UT President William Powers Jr. is working to amend a bill to ensure students who are automatically accepted to UT, and who later decide to enlist in the military, will regain their admitted status to the University after their time in the service.
SB 175, a bill originally passed in 2009, modified UT’s admissions structure to limit automatically admitted students to 75 percent of a given class. It also provided a mechanism for automatic transfer admission, so students who are admitted into the University in the top 7 percent of their class have the option to attend a community college for up to two years and then come to UT, given they complete a certain portion of their degree plan and maintain a minimum GPA of 2.5.
Powers said he felt that student-veterans were left out of the plan outlined by SB 175.
“In the bill, we did not have a provision for [what happens] if a student goes into the military,” Powers said at a UT System Board of Regents meeting on Feb. 11. “One doesn’t want to penalize a student for having made that choice. [It’s] both a life choice for them, and … they’re serving their country.

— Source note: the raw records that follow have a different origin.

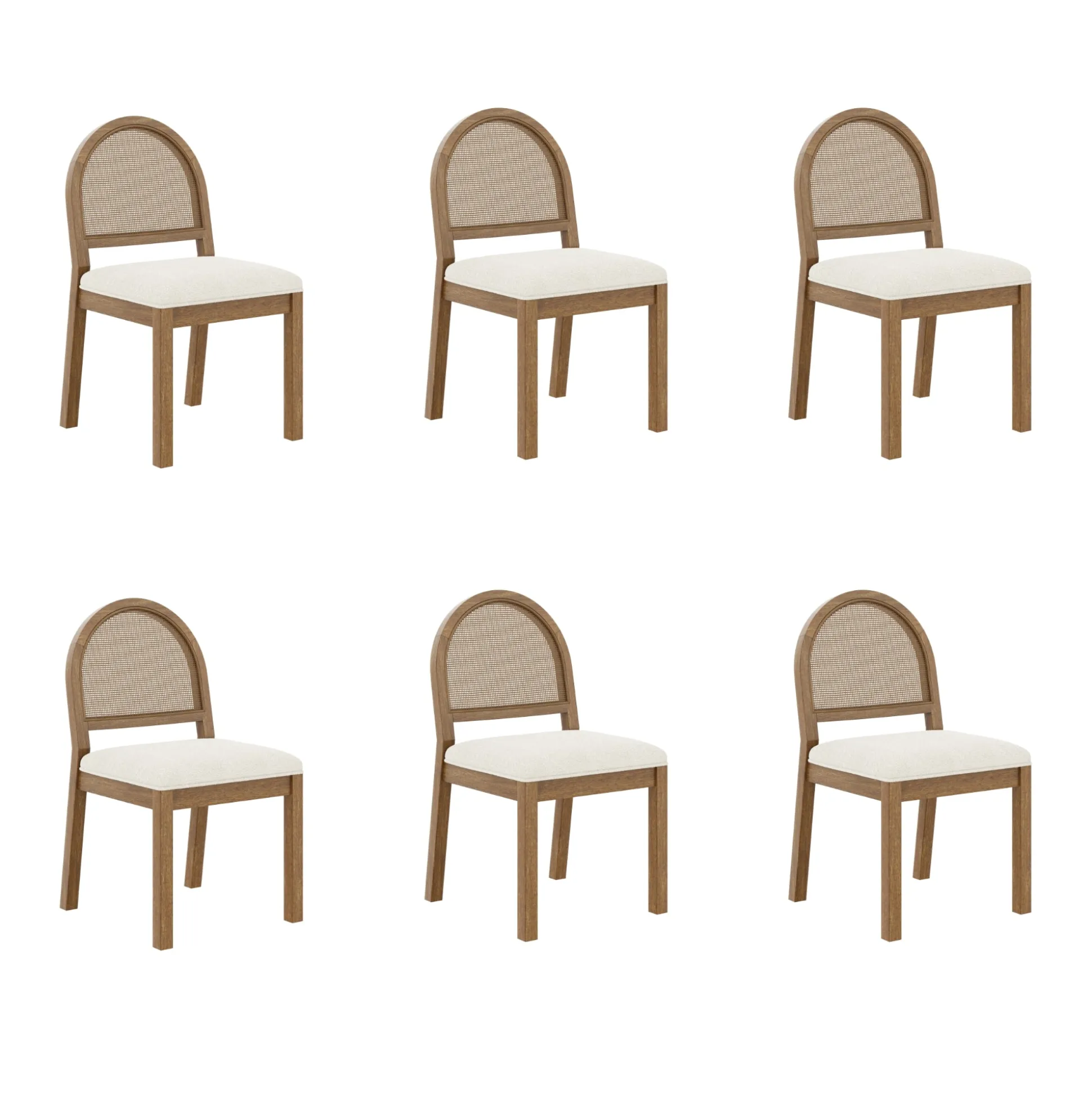 Boucle & Rattan Dining Chairs Light Brown (Set of 6)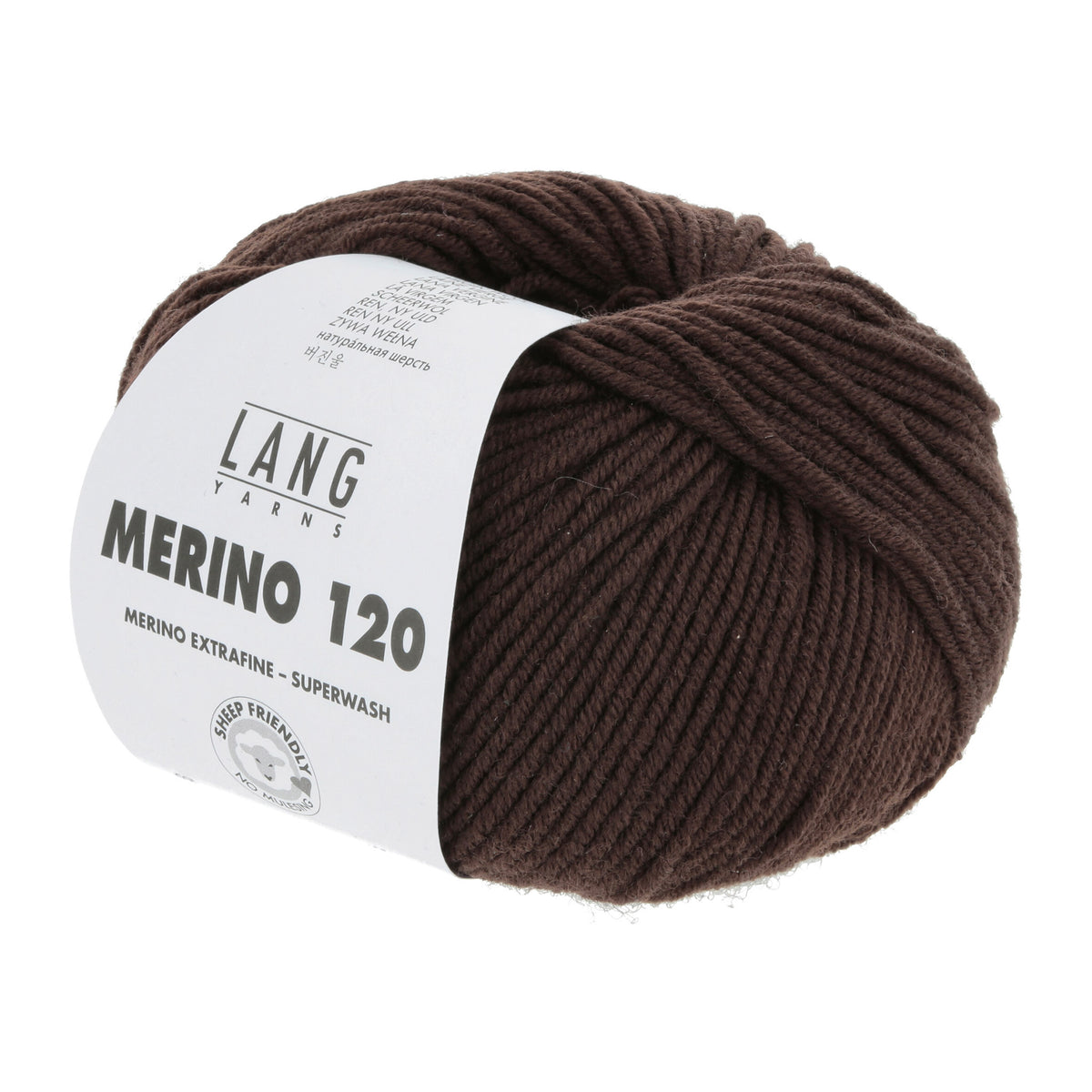 Pelote de Merino 120 de Lang Yarns coloris 468 Chocolat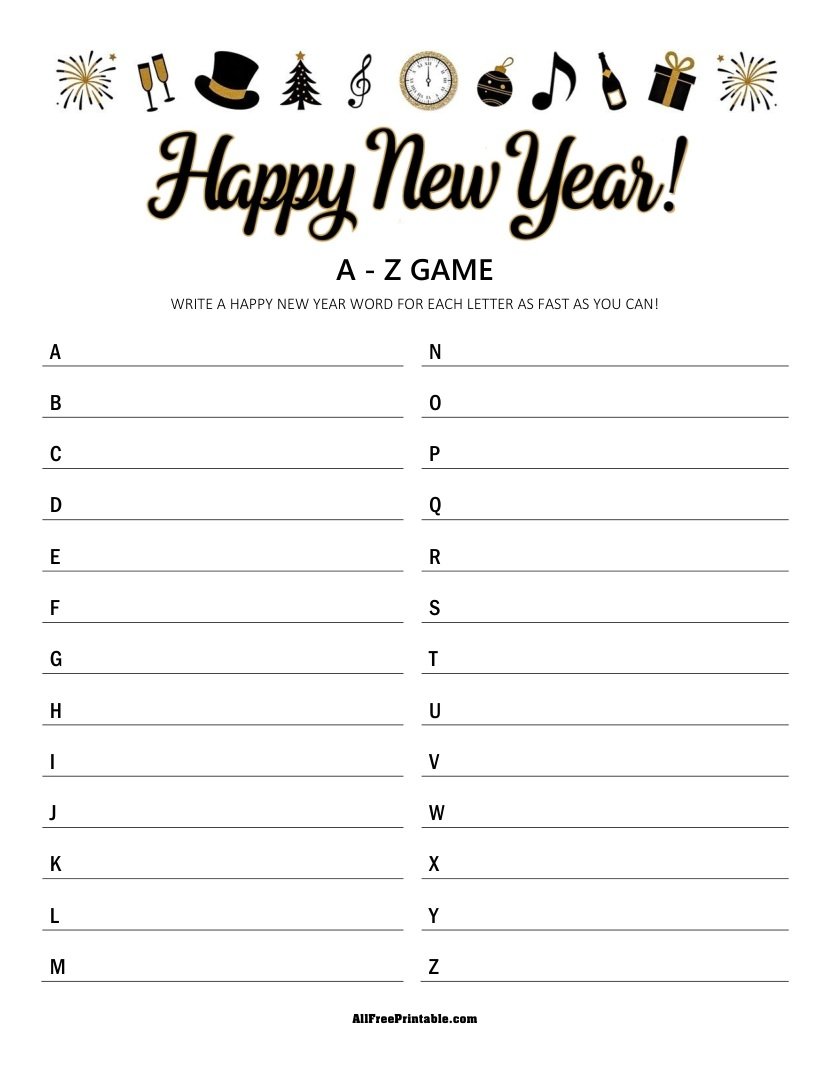 Printable Happy New Year A-Z Game
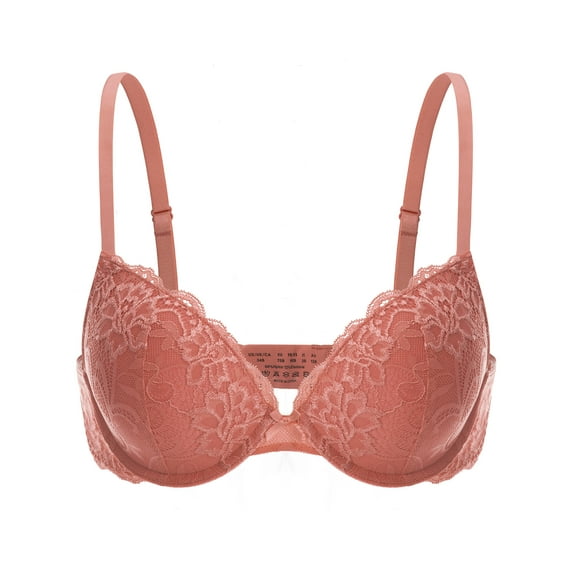 Deyllo Women Lace Push Up Padded Plunge Add Cups Underwire Support Lift Up Bra, Rose Pink 32DDD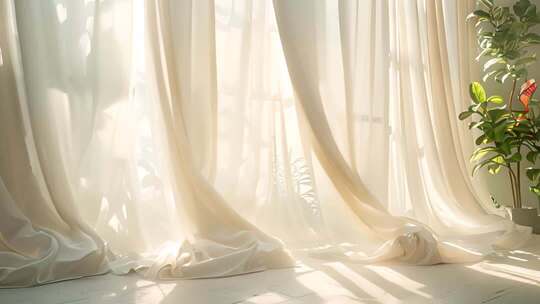 室内阳光透过白色窗帘场景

The law actually only says they keep [their automatic acceptance] for two years, but a lot of people go into the military for three or four years, so we would like to solve that problem.”
Powers said the bill outlines a clear path for community college students who are qualified to attend UT, but generally does not allow for an admissions timeline amenable to the military experience.
“I think it was geared toward the community college experience, whereas many veterans will go in for a four-year hitch, come out and they don’t fall into that provision,” Powers said.
Linguistics graduate student Lauren Terzenbach said she thinks the same protections should be extended to student-veterans as those that are provided for veterans who leave the work force and return after serving.
“It’s the same for a job that has to be held for a [National Guardsman] or reserve soldier if they’re deployed. Why wouldn’t education do something similar?” Terzenbach said.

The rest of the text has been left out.